Nydia Blas uses photography, video, and collage to examine intimacy in the lives of girls, women, and mothers. Blas’ work reveals the personal and collective experience of discovery and reclamation of the body through gestures, costumes, and performance. This diptych image is taken from the series for black girls who want to die but would never hurt themselves (2012-ongoing), and features a confrontation between two young girls on a carpeted terrain. Here, fighting is epitomised as an intimate encounter, a physical performance in which power is made and restructured–someone will win, and someone will lose. Whether they struggle for respect, attention, honour, or simply out of frustration, we do not know, but afterwards they will have found the words to say it.

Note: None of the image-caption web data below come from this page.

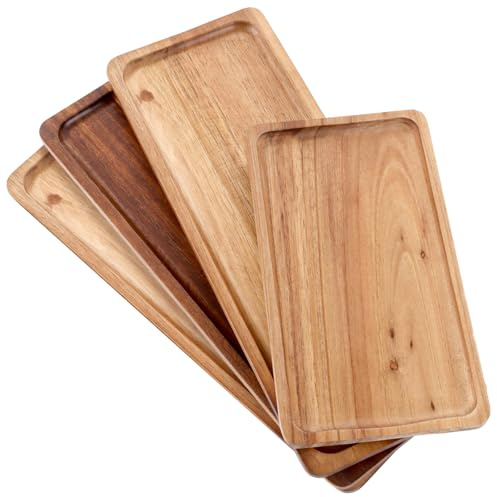 LDXDRU 4er Set Dekotablett Holz, Deko Tablett Holz Rechteckig aus Akazienholz, Tablett Serviertablett Klein, Holztablett Deko Rechteckig für Dessert Kosmetik Schmuck Kerzen(29x11CM, 19x11CM)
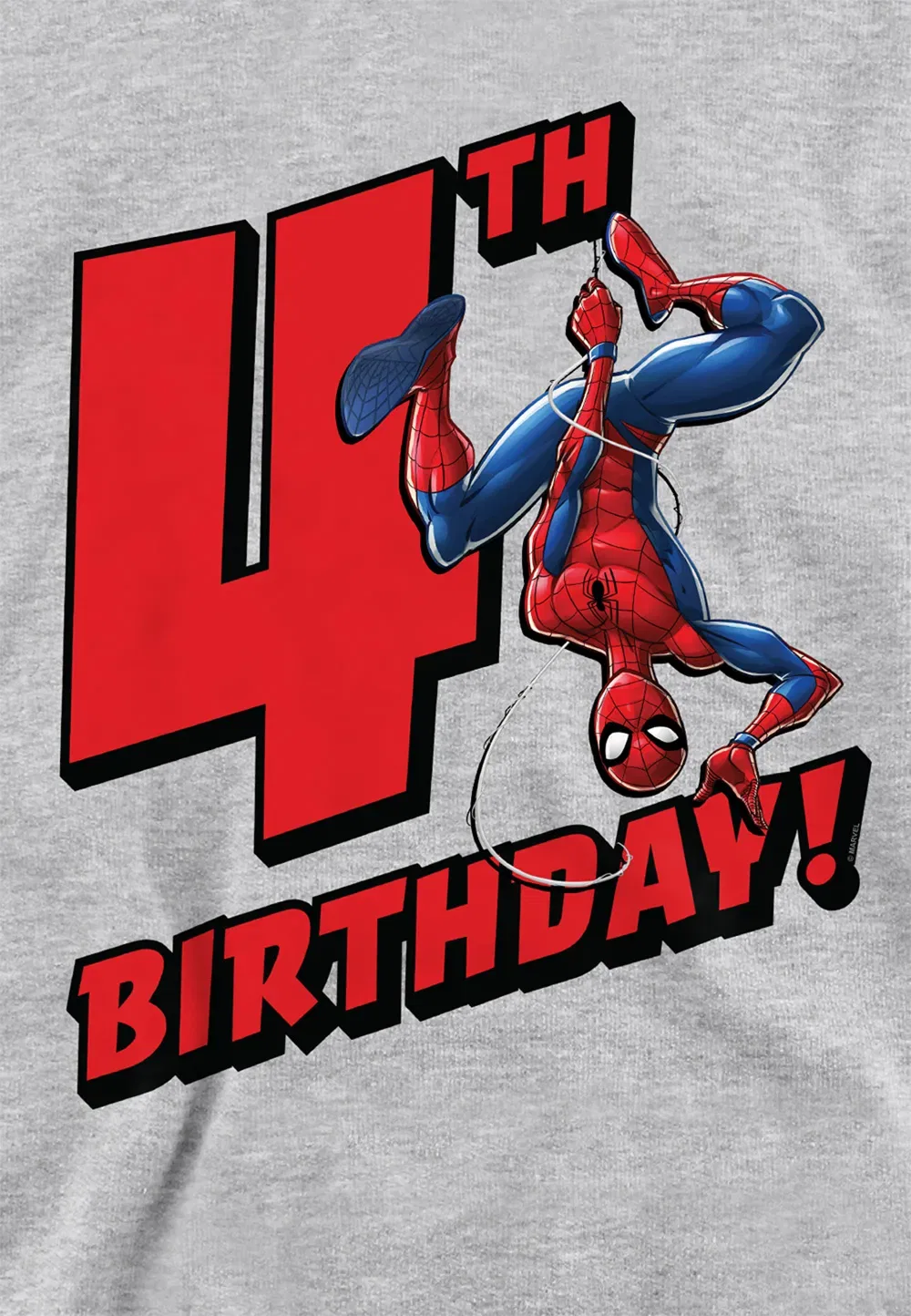 Детский худи Marvel Spiderman Birthday, Athletic Heather, серый — фото 2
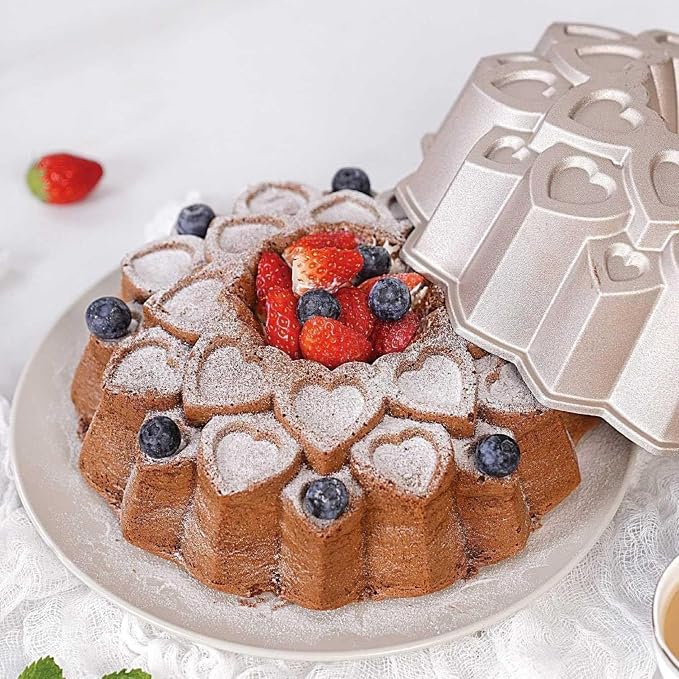 Baker's Secret Nonstick Fluted Cake Pan, Perfect for Fluted Cakes, Die Cast Aluminum Cake Pans, 2 Layers Non-stick Coating For Easy Release, Fluted Cake Pans - (Amour) - Image 5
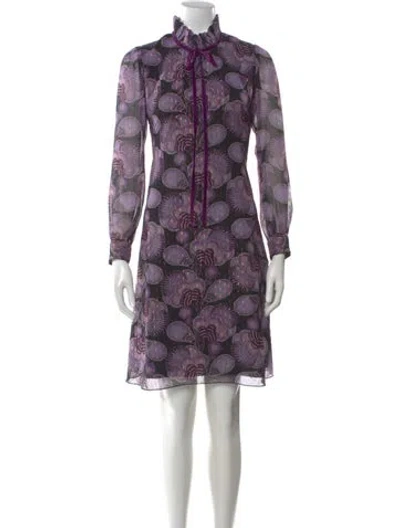 Pre-owned Anna Sui Floral Print Mini Dress In Purple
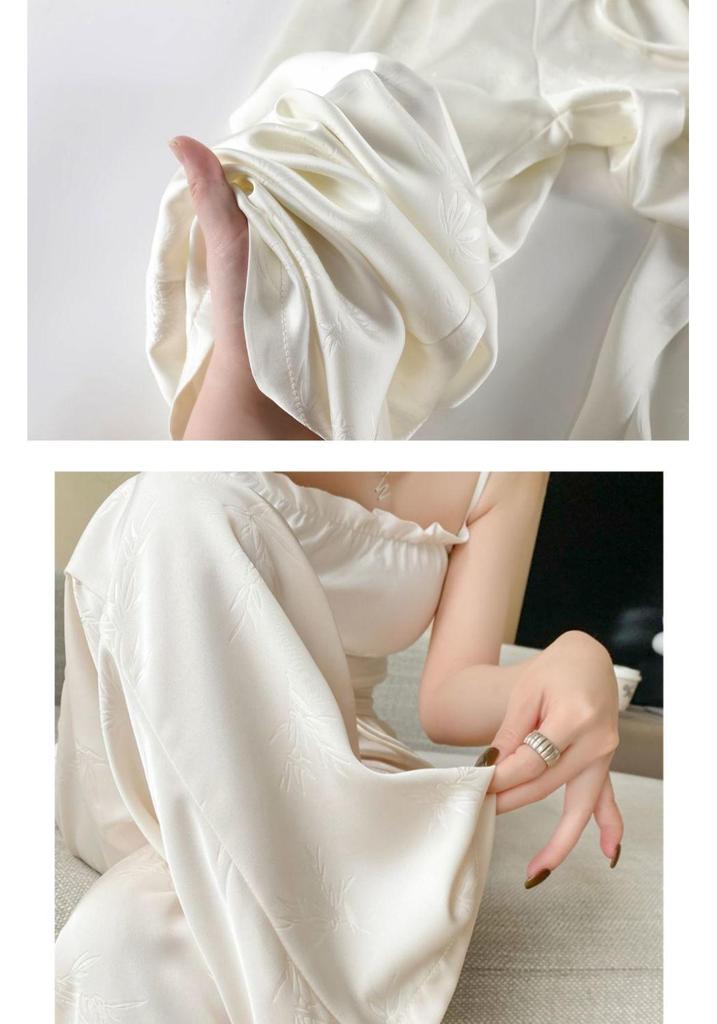 2025 Spring/Summer Women's Jacquard Satin Wide-Leg Pants: High-Waist, Buttoned, Slim-Fit, Casual Trousers.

This work is presented as a part of There are no parts, an exhibition curated by Letticia Cosbert Miller that brings together artists Nydia Blas, Widline Cadet, Jasmine Clarke, and Michèle Pearson Clarke, who each explore the complexity of Black girlhood through photography.
Here, girlhood is understood not merely as a temporal encounter, but as a framework through which we, regardless of age and gender, are able to engage with the meanings and lives of Black girls. Girlhood is a liberatory and creative space in which one is continually being and becoming, acquiring knowledge of self, and seeking practical ways of coping with and resisting cultural constraints and expectations. From the mundane to the magnificent, Black girls are responding to representations of and attitudes towards class, gender, race, ability, and sexuality. This exhibition displays those responses–the devices, gestures, and embellishments by which Black girls manifest their ideas and create their own, new images of self.